# OECD.org Article - The Real Economy: revisiting underlying productivity fundamentals



## onq (2 Jan 2010)

The real economy and the crisis: revisiting productivity fundamentals

[broken link removed]

This article notes the lack of real-time feedback on productivity figures and seems to suggest that with these to hand, crises might be better forecast in the future.

Thus - it seems to say - the current crisis may arise not simply from the simplistic reason of the collapse of the sub-prime mortgage market, but because of a  complex linkage of reasons associated with productivity in production.

ONQ.


----------



## Chris (6 Jan 2010)

*Re: OECD.org Article - The Real Economy: revisiting underlying productivity fundament*

I agree, the sub prime market was just the straw that broke the camels back.
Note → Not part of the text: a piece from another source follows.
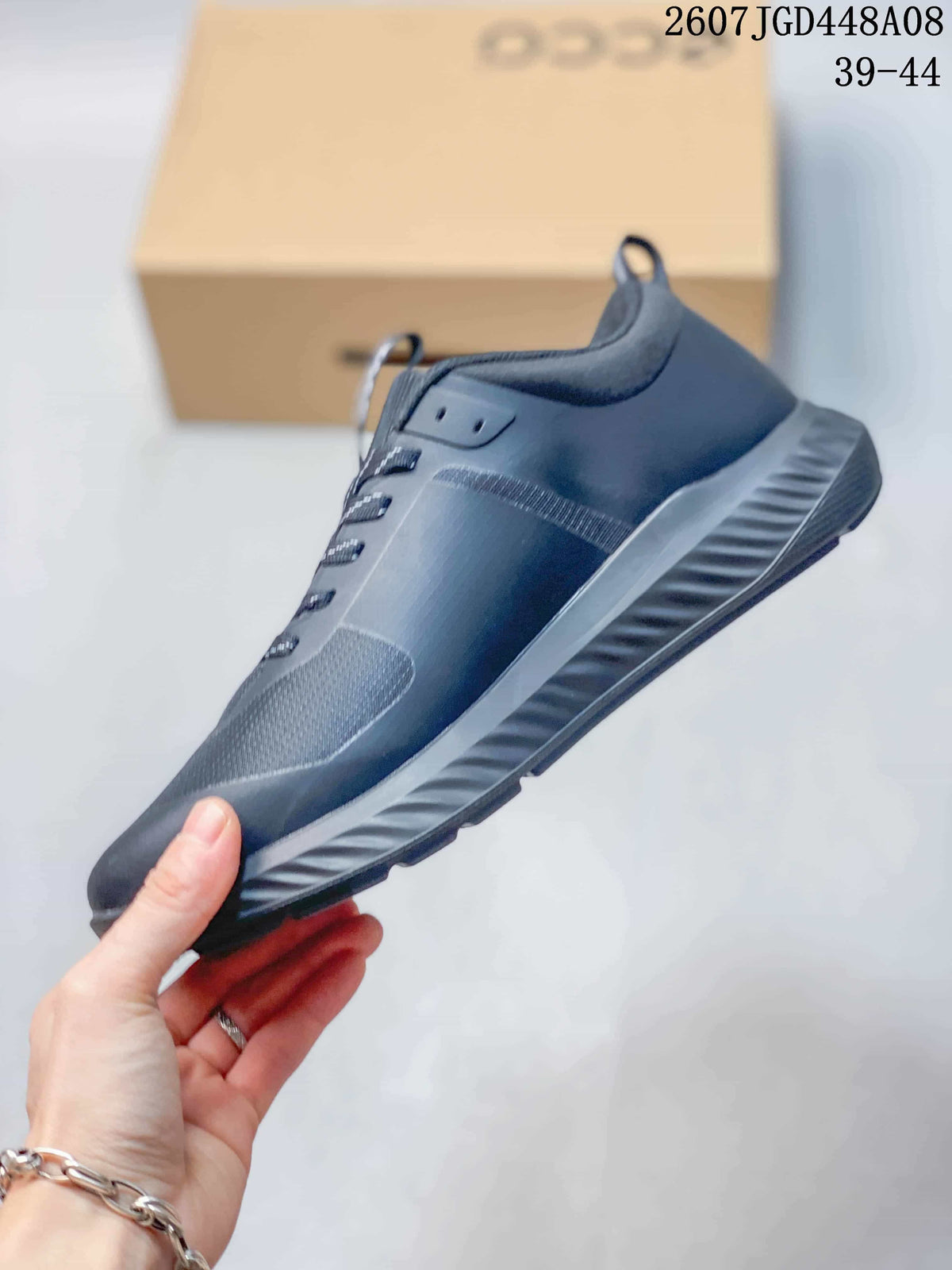 ECCO 710280OPW Dark Gray Casual Sneakers for Running - product image from the listing.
Everything in the last 20 to 30 years was leading up to a financial crisis: excessive public and private prime debt, excessive budget deficits, political promises of an easy life for all, too low interest rates, too much monetary inflation, the list goes on and on.
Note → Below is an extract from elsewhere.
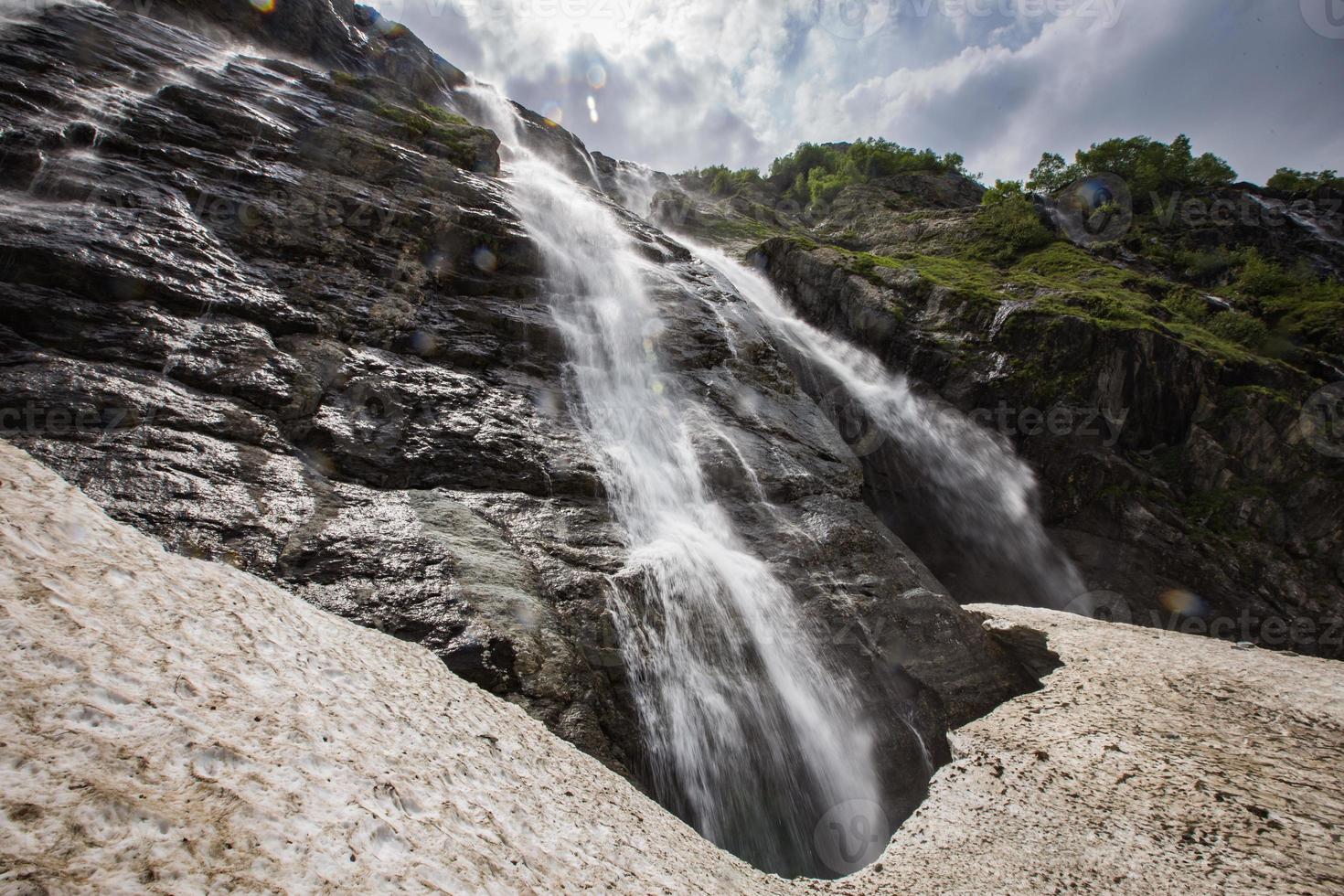 waterfalls in Caucasus Mountains photo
Real-time data on productivity would be available in a totally free market economy, where there is not a group of people (elected or not) trying to second guess market data and manipulate interst rates, money supply and certain industries. 
The real problem is the economic data that is being used to make things look rosy. E. g. GDP, it measures the economic output of domestic enterprises (discounted in fancy ways for public spending and price inflation). In the US especially, many domestic companies have outsourced production outside the US, but the entire revenue of the domestic companies is added to GDP, even when production takes place abroad. This results in economic data looking like fewer people are producing more, i.e. higher productivity.


----------